No two people could be more different than these sisters: Sophie is quickly shown as an airhead who revels in her station as a powerful man’s mistress, a selfish and vain creature who doesn’t care about the people or sensibilities she tramples on, as long as she can keep enjoying her exalted status. Charlotte, on the other hand, is nothing but dutiful and obedient: just as she submitted to her marriage to an ailing man old enough to be her grandfather, so now she submits to her sister’s whims, even justifying them as her duty. She embodies all that is proper and respectable, and does not seem to struggle under the weight of so many obligations: at first I felt some irritation at her attitude, no matter how properly it fit the time’s mores, because Charlotte felt so totally passive. But little by little I started to understand how she had been molded into that shape by her enclosed – and enclosing – world: only by getting out of her secluded existence she starts to realize there is more to life, that the boundaries of her world need not be so constricting. It’s not a thunderclap revelation, since Charlotte comes into this new awareness in small increments, and still feeling guilty for what she perceives as stealing some space of her own, but she ultimately gets there, and following that progress is both enjoyable and satisfying.

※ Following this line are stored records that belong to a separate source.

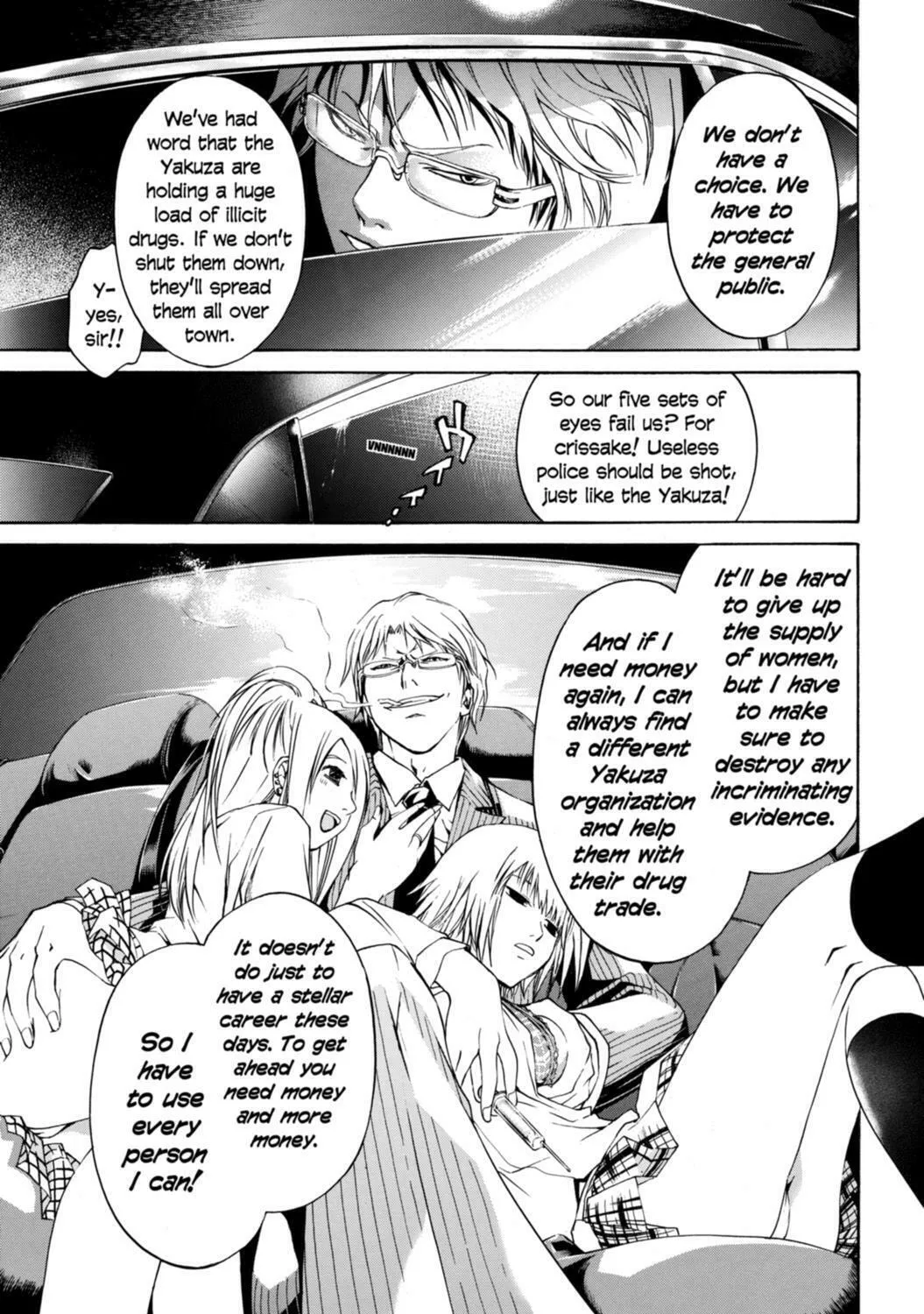 Read CØDE:BREAKER chapter 6 image 26 on Lezhin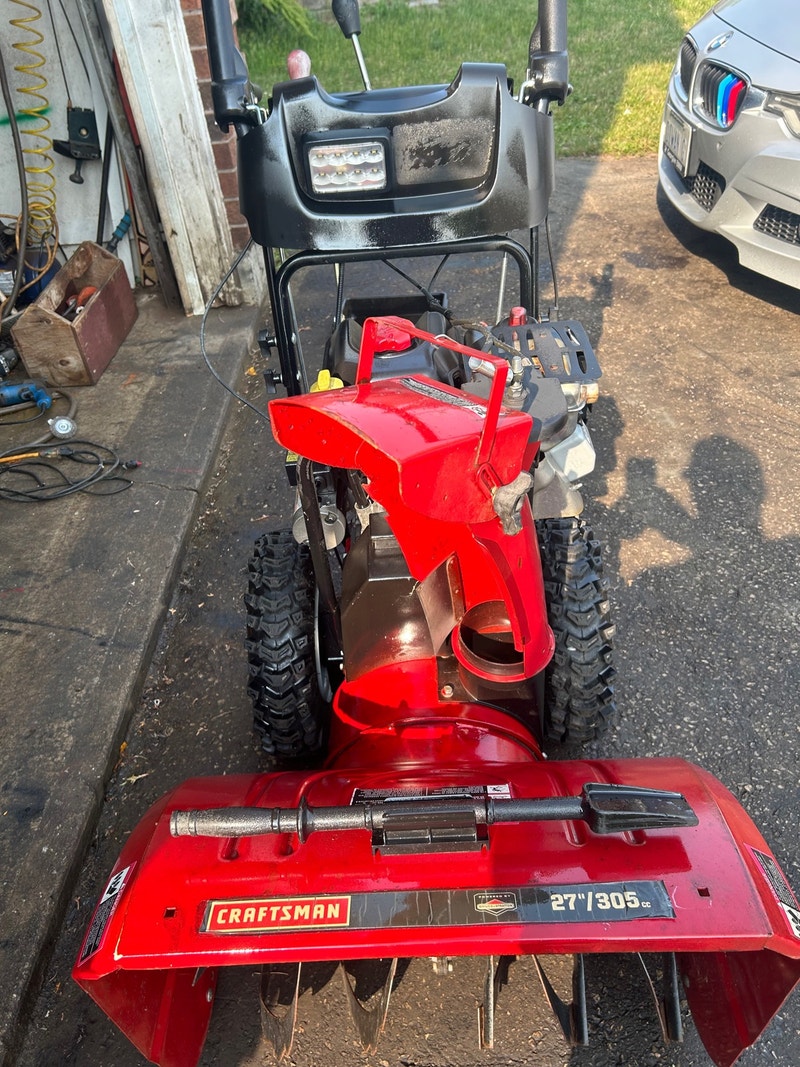 Snowblower Snowblowers Barrie Kijiji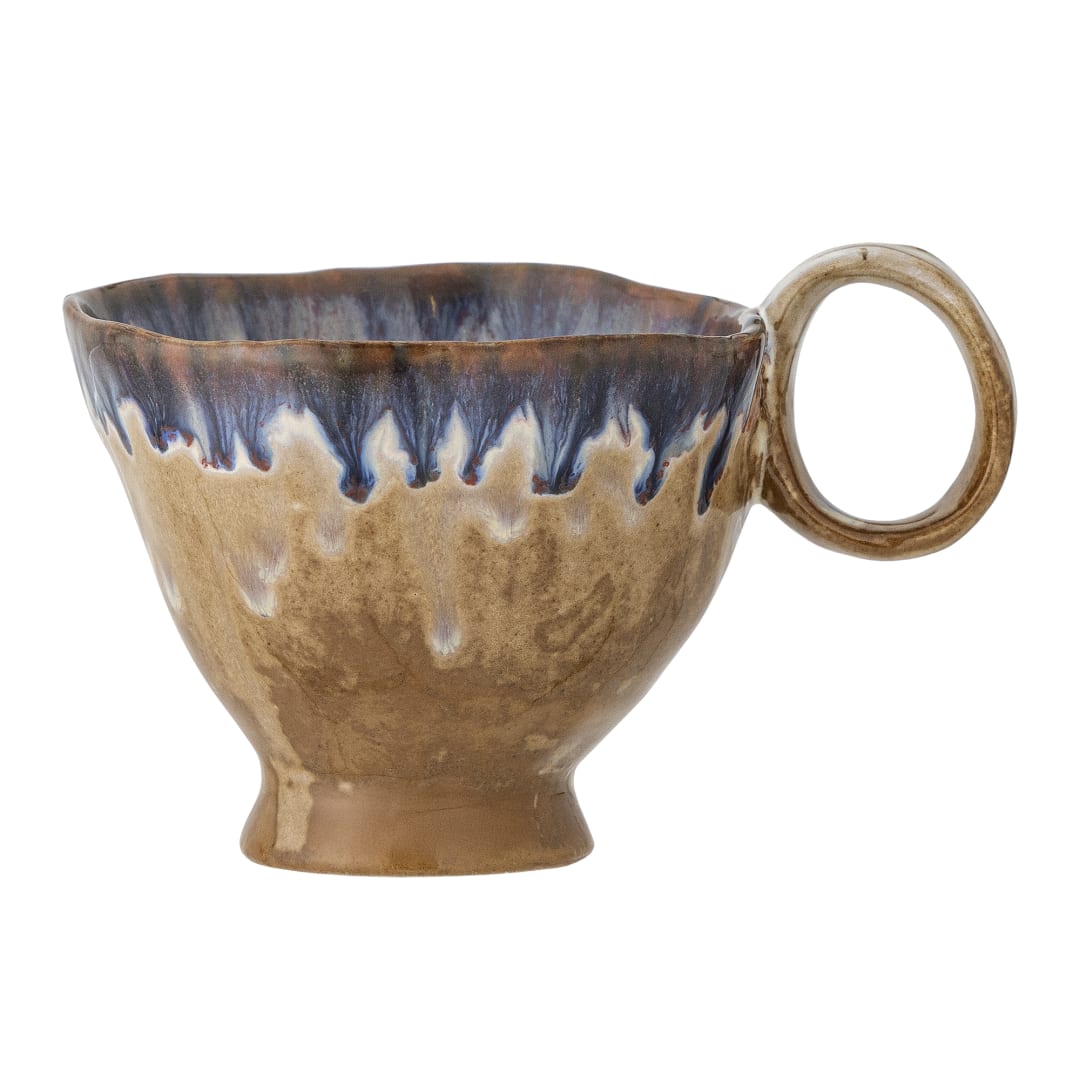 82061487 - Imogen Cup, Multi, Stoneware STOCK: 300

One of the major contributions to Charlotte’s awakening is that of Carlo Morelli: since their first meeting it looks like a given that they will become close, but the author played this development with a light, almost shy hand, thus avoiding to make the relationship look like a tired trope. What drives them together, more than anything else, is the unexpressed feeling of being outsiders: Carlo because of his nature, one that makes him both a sought-after guest and a gossip-worthy freak (there is an enlightening conversation between Sophie and Charlotte, where the former wonders if they should really refer to the singer as a ‘he’, since he lacks the so-called manly attributes); and Charlotte because in such “exalted” company of jaded and spoiled aristocrats devoid of depth, her cultural sensibilities make her stand out like a sore thumb. Music – and there is a great deal of it, both played and discussed – is the vehicle through which Charlotte starts to feel and express her newfound need for freedom, and music is what brings her closer to Carlo.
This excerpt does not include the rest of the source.